Prof. Dr. Ulla Fix

Was heißt Texte kulturell verstehen? Ein- und Zuordnungsprozesse beim Verstehen von Texten als kulturellen Entitäten

Abstract

"Sprachverarbeitung ist aber nicht nur Kognition, sondern auch Kommunikation." (Rickheit 1995, 16) Dies akzeptiert, hat man Sprachverarbeitung, also Verstehen neben Behalten und Erinnern, als einen Prozess anzusehen, in dem außer Faktoren wie Wissen, Einstellungen und Emotionen auch die pragmatischen Rahmenbedingungen, vor allem situative und kulturelle, eine Rolle spielen. In diesem Sinne wird sich der Vortrag auf den Bereich der Textsorten konzentrieren, da sich das kulturelle Wissen über Texte im Textsortenwissen manifestiert. Bezogen auf einen alltagssprachlichen Kulturbegriff, für den die Muster/Routinen/Verfahren, die eine Kulturgemeinschaft zur Regelung ihrer Probleme hervorbringt, besondere Bedeutung haben, sind Textsorten als kulturelle Artefakte und kulturelle Instrumente zugleich anzusehen, d. h. als Hervorbringungen einer Kultur und als Mittel zu deren Aufrechterhaltung. Verstehen von Texten bedeutet unter dem kulturellen Aspekt dann nicht - wie von Verstehensprozessen oft angenommen - das rückläufige Wiederholen der Vorgänge, die bei der Textproduktion ausgeführt wurden, sondern es heißt vor allem das Vollziehen folgender rezeptionstypischer Prozesse: Einordnen des Gelesenen/Gehörten im Sinne des Erkennens kultureller Hintergründe und Handlungsräume, ohne deren Kenntnis das Textexemplar möglicherweise unverständlich bliebe, und Zuordnen zu Textsorten bzw. Gattungen, ohne deren Wahrnehmung die Funktion des jeweiligen Textes unklar bliebe.

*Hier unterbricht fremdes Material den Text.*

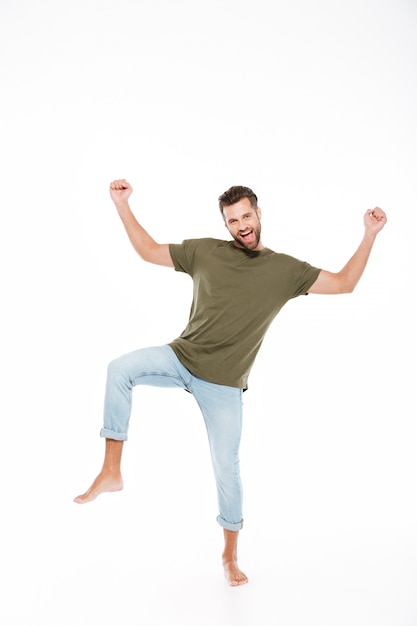 Smiling young man standing isolated.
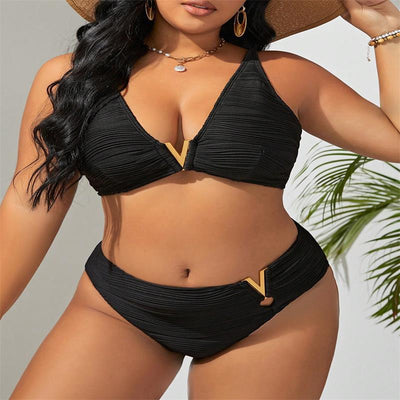 Plus size woman in a black textured two-piece bikini with gold V-shaped hardware. The top is a plunge style, and the bottoms are high-waisted. - Image 14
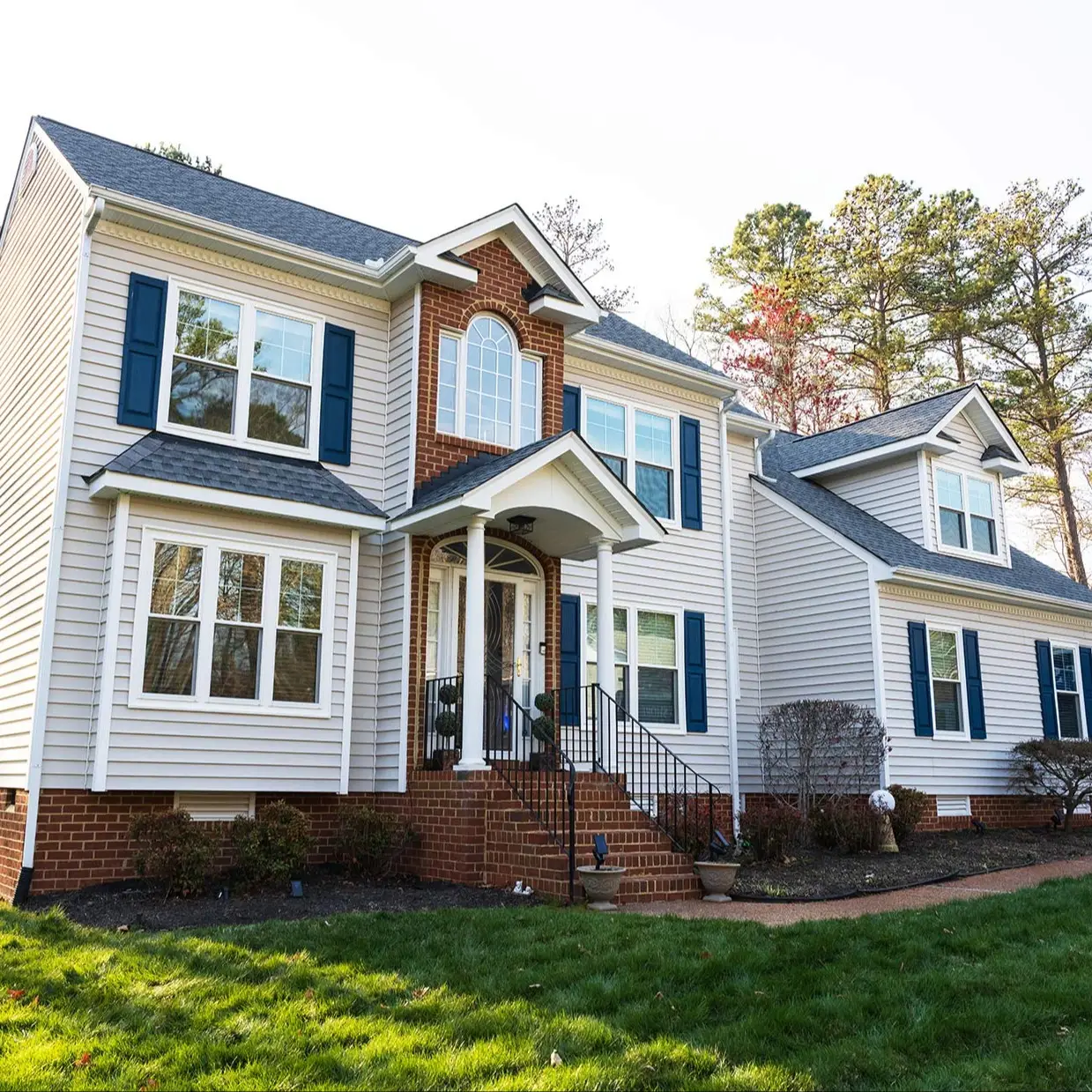 A suburban home with a brick entryway and several double hung windows replaced by West Shore Home.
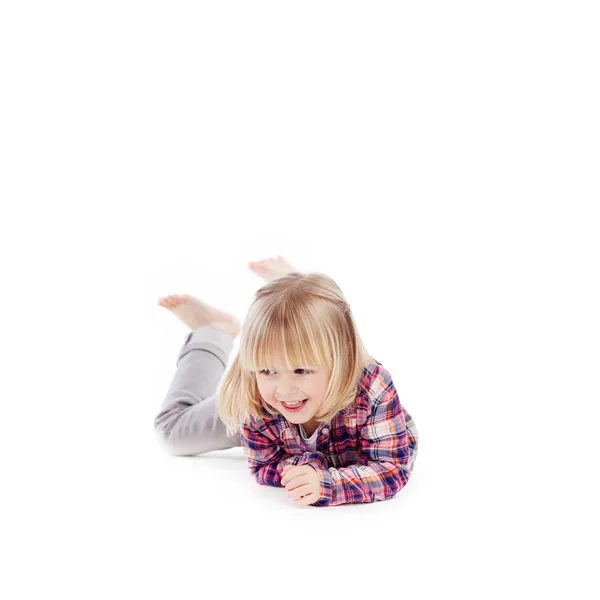 Little girl romping on the floor — Stock Photo, Image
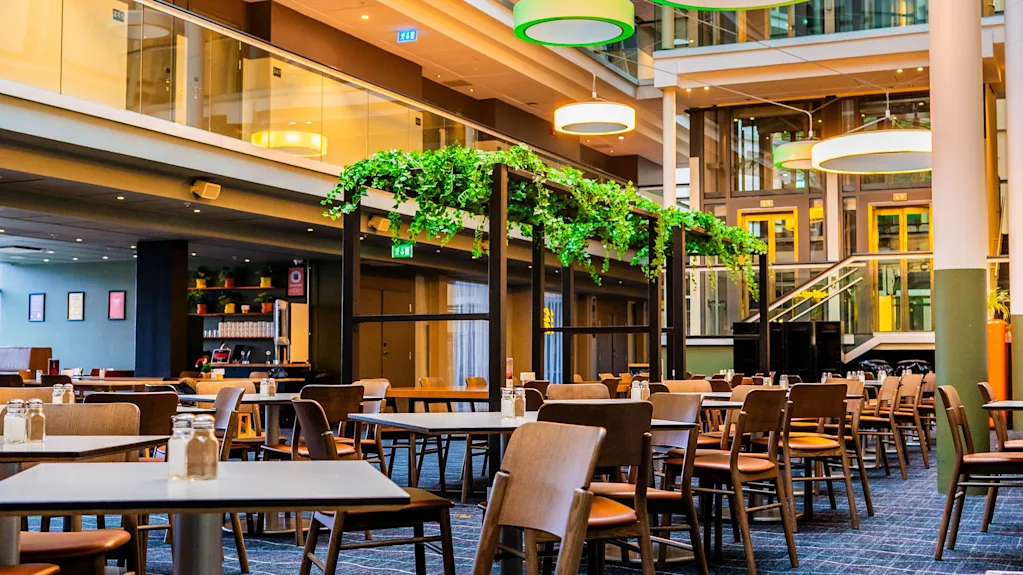 Ett rymligt hotellatrium med matbord, moderna cirkulära lampor och frodiga gröna växter, vilket skapar en inbjudande atmosfär.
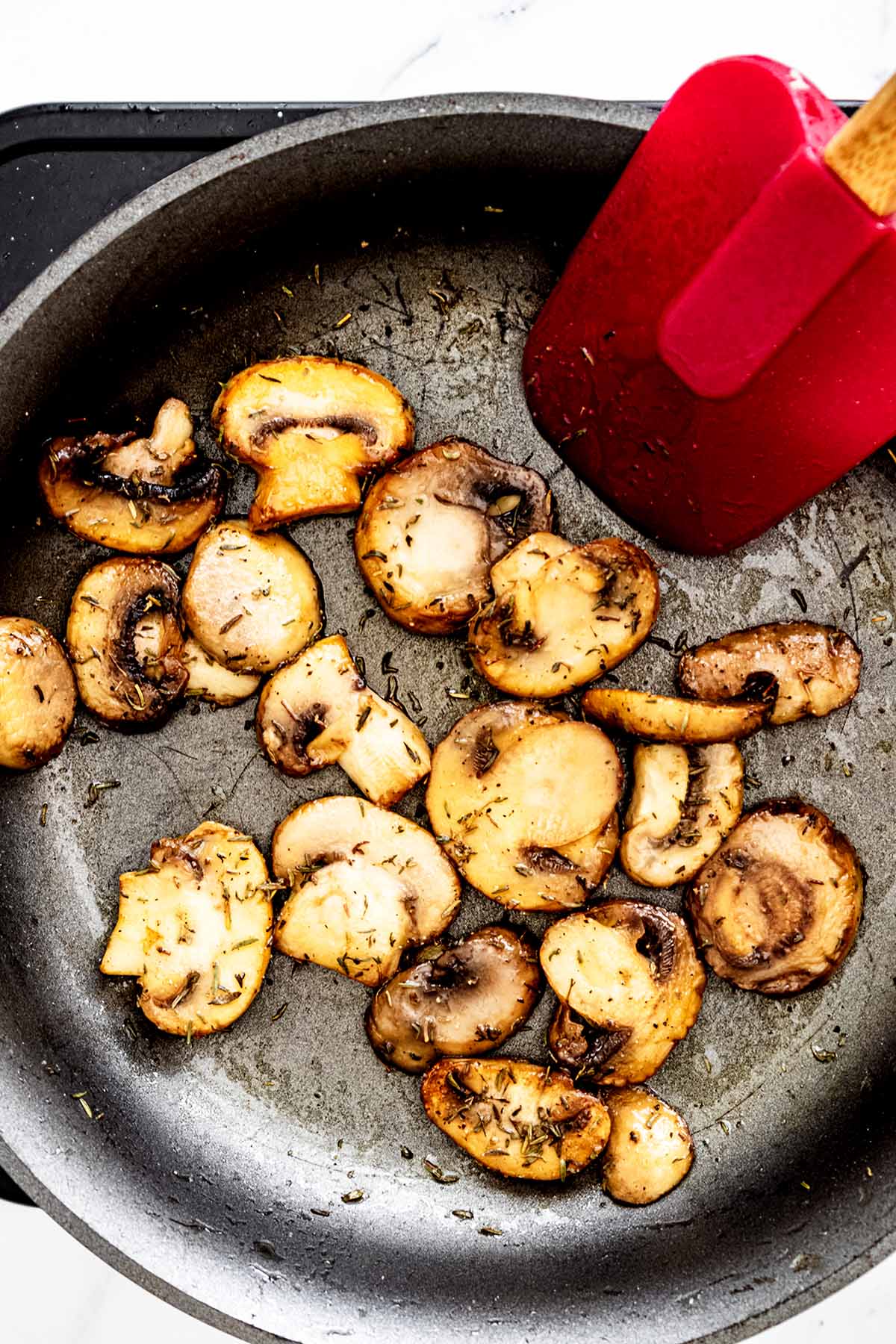 Sliced mushrooms and herbs in a skillet with a red spatula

An diesen Typen von Verstehensaktivitäten will ich ansetzen und Forschungsfragen (von denen einige unten beispielhaft angeführt werden) möglichst vollständig darzustellen versuchen, die sich aus dem kulturellen Charakter von Sprache und den damit verbundenen Verstehensproblemen für die sprachwissenschaftliche Untersuchung ergeben. Dies soll anhand von Beispieltexten vor dem Hintergrund der "Inter-Relationen" Interkulturalität, Intertextualität, Intermedialität und Interdisziplinarität geschehen.

Interkulturalität - z. B.:

  • Übereinstimmungen, Abweichungen von Textsorten und Textsortenstilen innerhalb verschiedener Kulturen
  • Über das Lokale hinausgehende kulturübergreifende Muster von Texten

Intertextualität/Vernetztheit von Texten - z. B.:

  • Intertextuelle Kompetenz beim Zuordnen und Verstehen von Texten, auch über die Einzelkultur hinaus
  • Kulturell bedingte Vernetzungszusammenhänge von Texten

Intermedialität - z. B.:

  • Medienwechsel - Übersetzen unter dem Aspekt der Kulturspezifik
  • Texte in neuen Medien als kulturelle Phänomene

Interdisziplinarität - z.B.:

  • Erfassen der Kulturalität von Textsorten/Gattungen in Zusammenarbeit z. B. der Disziplinen Geschichts-, Sprach-, Medien-, Literaturwissenschaft
  • Übergänge zwischen literarischen und Sachtexten als Mittel des Abweichens

Literatur:
Rickheit, Gert (1995): Verstehen und Verständlichkeit von Sprache. In: Spillner, Bernd (Hrsg.): Verstehen und Verständlichkeit. Frankfurt am Main. Berlin. Bern, S. 15-30.